Work instructions
In your copy, reproduce the entries exactly as they are, minus the images.

Data section
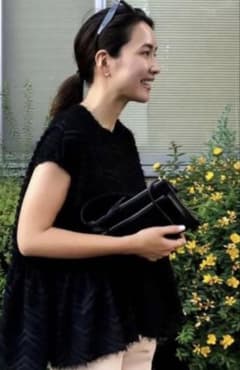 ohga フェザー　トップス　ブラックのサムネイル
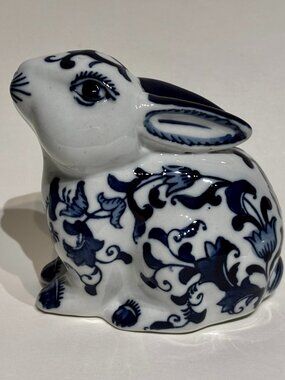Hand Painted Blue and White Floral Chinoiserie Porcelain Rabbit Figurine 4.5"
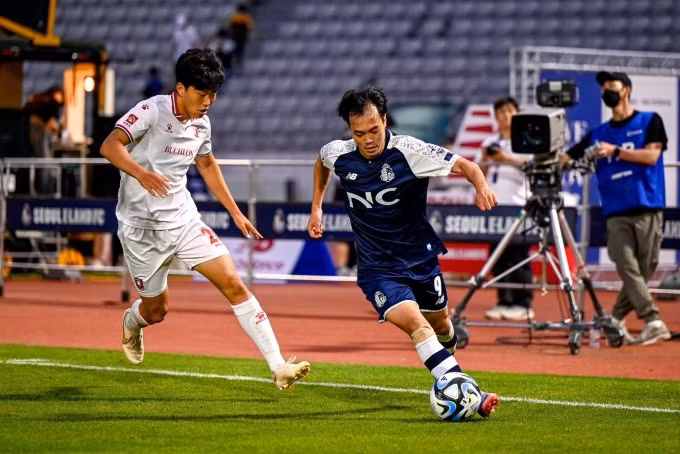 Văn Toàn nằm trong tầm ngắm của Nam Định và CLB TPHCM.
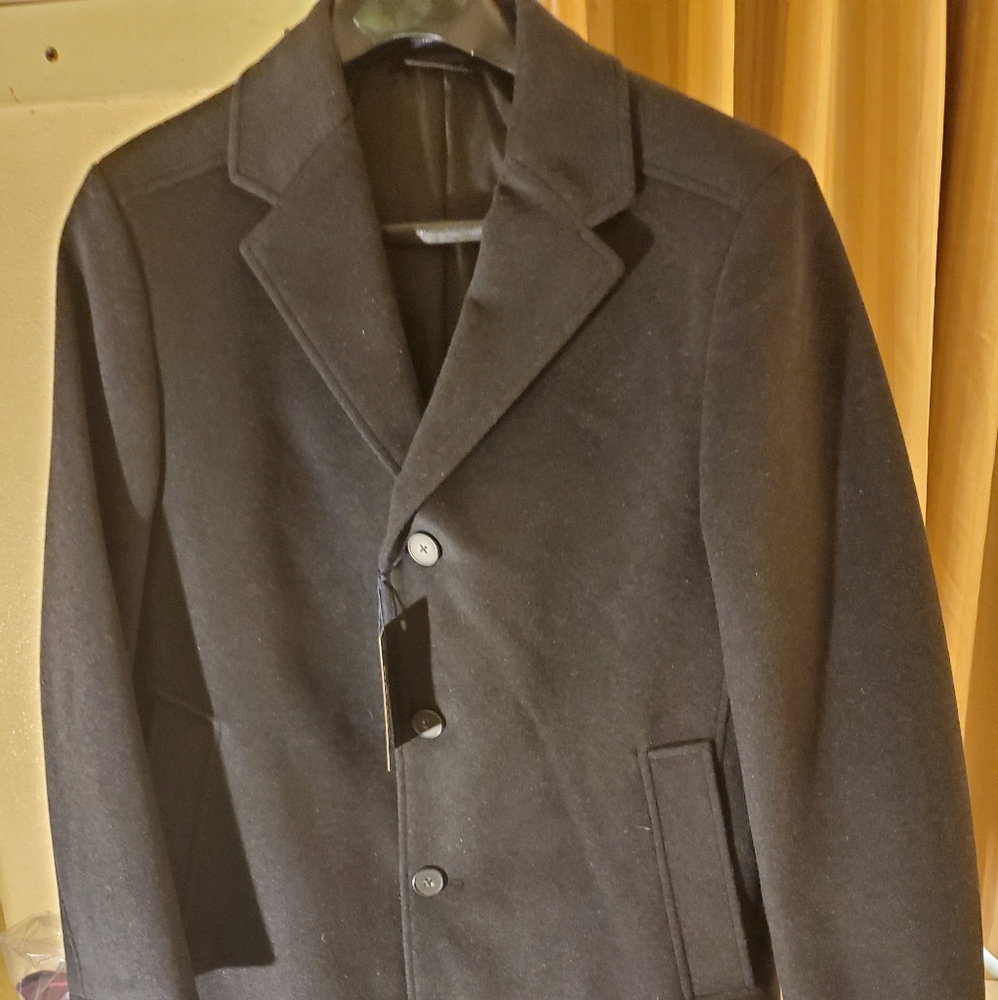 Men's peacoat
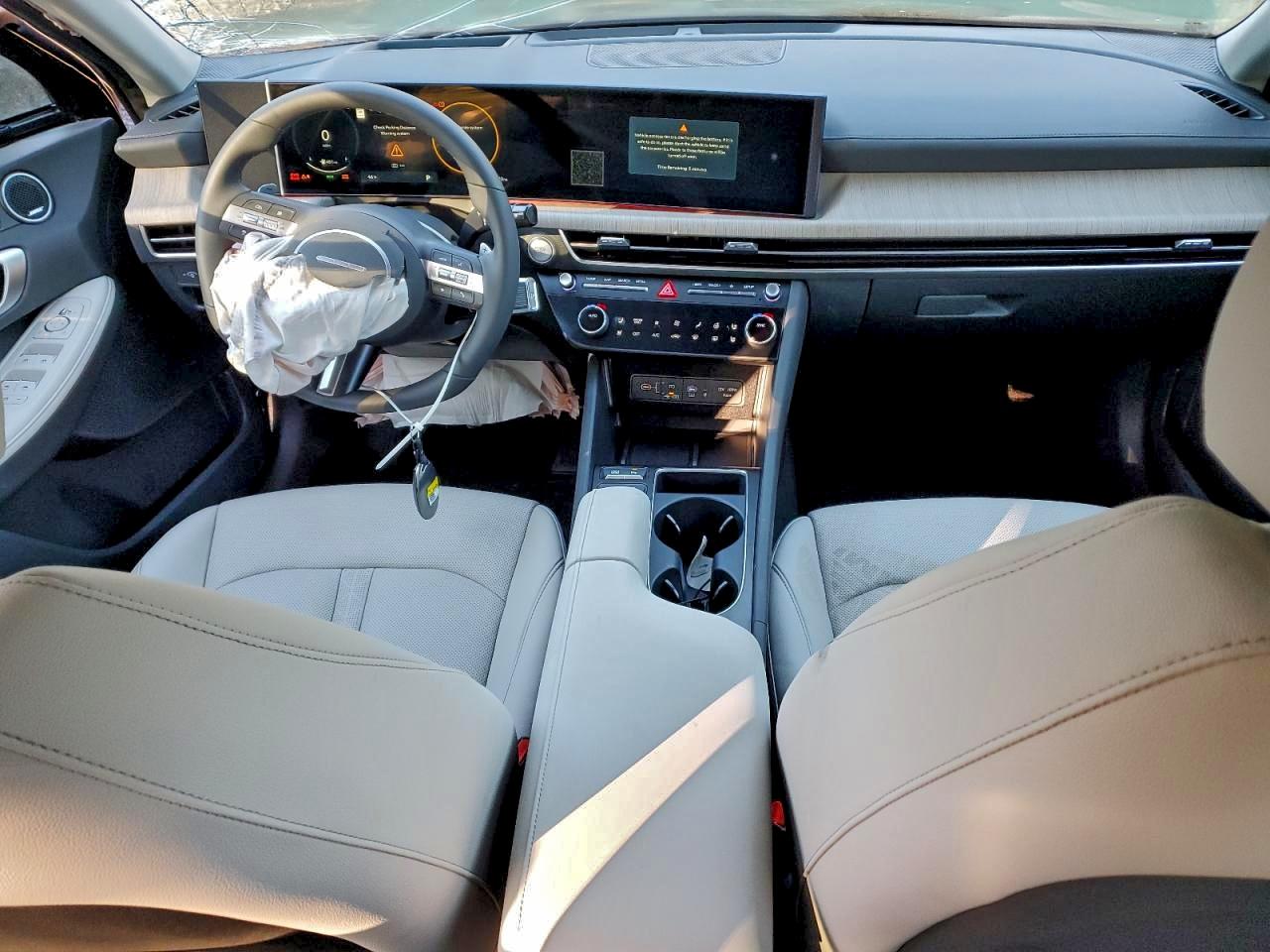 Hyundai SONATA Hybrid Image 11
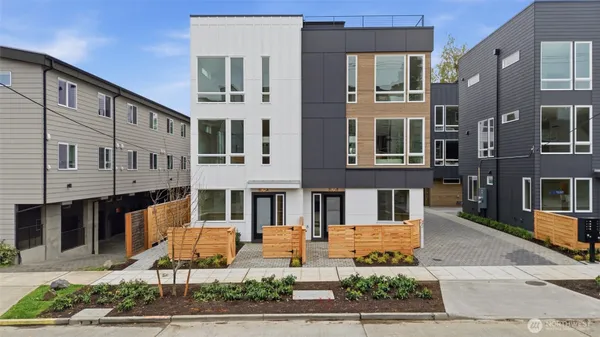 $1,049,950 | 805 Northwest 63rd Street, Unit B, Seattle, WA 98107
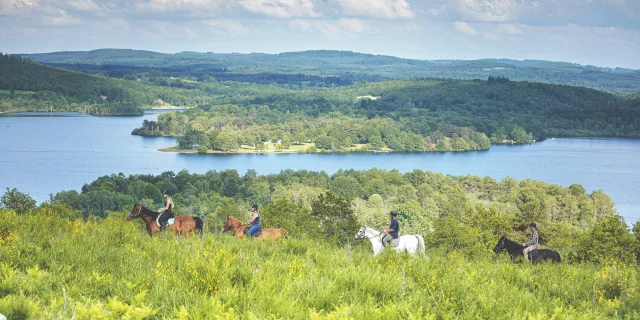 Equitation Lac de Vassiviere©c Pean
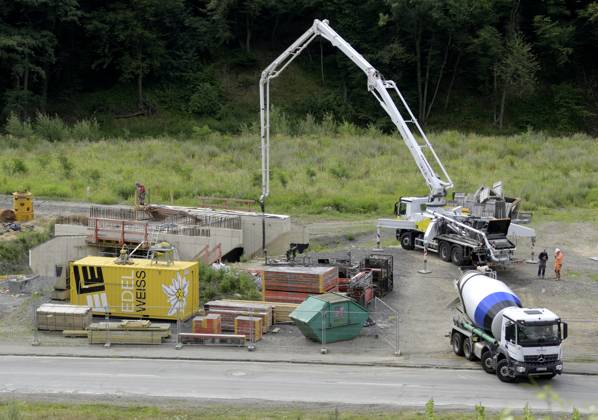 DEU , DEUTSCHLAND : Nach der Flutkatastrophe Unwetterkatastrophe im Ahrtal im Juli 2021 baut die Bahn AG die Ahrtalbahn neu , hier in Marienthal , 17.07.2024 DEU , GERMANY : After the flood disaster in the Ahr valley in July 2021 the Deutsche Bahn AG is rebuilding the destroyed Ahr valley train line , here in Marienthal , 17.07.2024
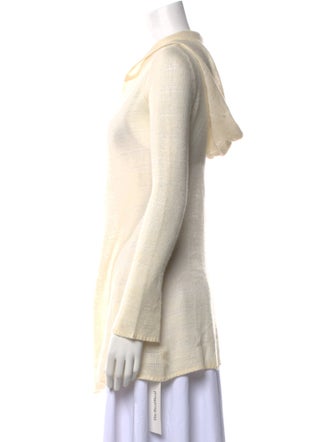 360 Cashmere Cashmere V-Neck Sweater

Reply
 ohga フェザー　トップス　ブラックのサムネイル
Hand Painted Blue and White Floral Chinoiserie Porcelain Rabbit Figurine 4.5"
 Văn Toàn nằm trong tầm ngắm của Nam Định và CLB TPHCM.
 Men's peacoat
 Hyundai SONATA Hybrid Image 11
 $1,049,950 | 805 Northwest 63rd Street, Unit B, Seattle, WA 98107
 Equitation Lac de Vassiviere©c Pean
 DEU , DEUTSCHLAND : Nach der Flutkatastrophe Unwetterkatastrophe im Ahrtal im Juli 2021 baut die Bahn AG die Ahrtalbahn neu , hier in Marienthal , 17.07.2024 DEU , GERMANY : After the flood disaster in the Ahr valley in July 2021 the Deutsche Bahn AG is rebuilding the destroyed Ahr valley train line , here in Marienthal , 17.07.2024
 360 Cashmere Cashmere V-Neck Sweater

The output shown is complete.